Thank you to all who participated in our open forum on racial injustice and police brutality in the United States. I appreciate the emotion, candor, thoughtfulness, and ideas that everyone brought to the discussion. It was really great! I write now to codify a few next steps, and also to reach out to those who could not attend today.

Our conversation — as well as many other conversations, email threads, tweets, and forums among FSI staff, students and scholars over the last two weeks — underscores how deeply many of us have been affected by the horrific killing of George Floyd. His murder has punctuated a long, tragic history of racial injustice and police violence targeted at the Black community.

This moment calls for all of us to reassess our work and how we can move our local community, nation and the world to achieve racial justice. It was great to hear today and over the past several days how many individual members of our FSI community already have responded to these tragic events through action, be it public statements in the press or social media, op-eds, other publications, petitions, letters or protest.

Individually, I know I have been consumed with the news, reading research on topics new to me, and writing, blogging, speaking and participating in various ways on these issues to the best of my abilities. Some in our community, including most prominently Professor Beatriz Magaloni and her colleagues at PovGov have been researching and offering policy solutions specifically on police violence in comparative perspective for many years. More broadly, the Program on American Democracy in Comparative Perspective at CDDRL has conducted research and proposed reforms of the American system of government. Throughout the institution, many other individual scholars have made contributions to the study of these issues, as well as issues of food insecurity, unequal access to healthcare, and voting rights, to name only some of what we do at FSI. I am grateful to have these scholars and their research at FSI and we can use this as a basis on which to build more work on racial justice and inequality. I was also excited to hear today about other ideas on how FSI as a community can contribute more on these issues in the future.
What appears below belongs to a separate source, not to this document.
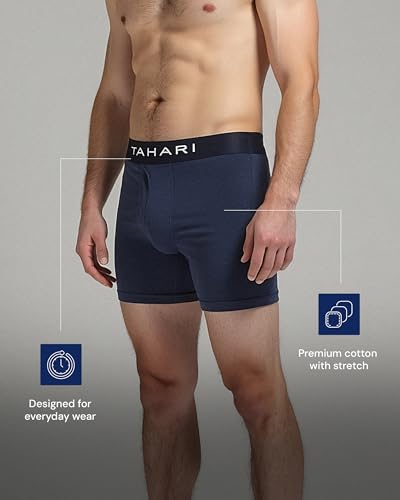 TAHARI Stretch Cotton Boxer Briefs for Men Pack of 4, Mens Underwear Boxer Briefs 4-Pack, Soft and Breathable2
Statements of outrage or highlighting the work of individuals, however, is not enough. FSI as an institution also needs to reexamine our research priorities and policy outreach efforts, and also interrogate our own commitment to diversity and social justice in all that we do, including staff and faculty hiring, student admissions, curriculum development, and programmatic activities. FSI is a non-partisan institution, committed to producing world-class research to inform and shape public policy debates, as well as teaching future global leaders. We can remain committed to this core mission while also reflecting on our institutional responsibilities for addressing racial injustice and promoting diversity, not only internationally, but also within Encina Hall. I find it particularly problematic, for example, that we have failed to retain Black senior fellows, researchers and lecturers, and that we currently have only one Black senior fellow (by courtesy) at FSI. We as an institution do not have in place adequate spaces or training to discuss race. We as an institution exist within a constrained context — including mostly joint hires with other parts of the university; a mission to focus on international studies, distinguished from other programs, centers, and departments on campus dedicated to domestic public policy issues; and now an immediate financial challenge triggered by COVID-19. But even within these constraints, we as an institution — not just as individuals — must do more now to nurture intellectual inquiry, research, teaching and policy outreach on race, since racial issues permeate so many of the subjects we already study. We must do better.

We started today. I greatly appreciate all the important feedback and ideas that we just received, including, maybe most of all, the importance of humility and listening. We will continue this discussion in the days, weeks and months ahead. And, we can take some additional small first steps right away. On Thursday, June 11, Master’s in International Policy (MIP) Director Francis Fukuyama will be hosting a Town Hall discussion for MIP students to discuss MIP’s role and responsibilities in addressing racial injustice, including curriculum issues, admissions and anything else of concern. Beginning this summer, we will devote some of our FSI seminars on Zoom and our podcast, World Class, to these questions. Dr. Didi Kuo, associate director for research at CDDRL, will launch a working group on Building (Racially) Inclusive Democracies. The working group centers racial injustice as a democratic problem, and draws lessons from comparative work on policing and violence, subnational authoritarianism, inequality in ethnically divided societies, and related topics to inform policy solutions in the United States. This summer, we will launch a task force on Racial Equity, Diversity and Inclusion to examine how FSI can better advance the battle against race-based injustices, both by increasing diversity within FSI faculty, staff and students, and expanding racial justice work within our mission to improve governance, security, international development and global health. If you would like to participate, please be in touch with me directly. FSI also will engage actively in the various new projects related to these issues that are being initiated by Stanford’s president and provost. Others just now, but also in emails and letters already have suggested additional ideas worth exploring such as greater racial diversity of those who teach our MIP classes, hiring a diversity officer, greater efforts to recruit more students from underrepresented backgrounds, and hiring lecturers and senior fellows to teach more courses on race relations, state coercion and human rights from a global perspective.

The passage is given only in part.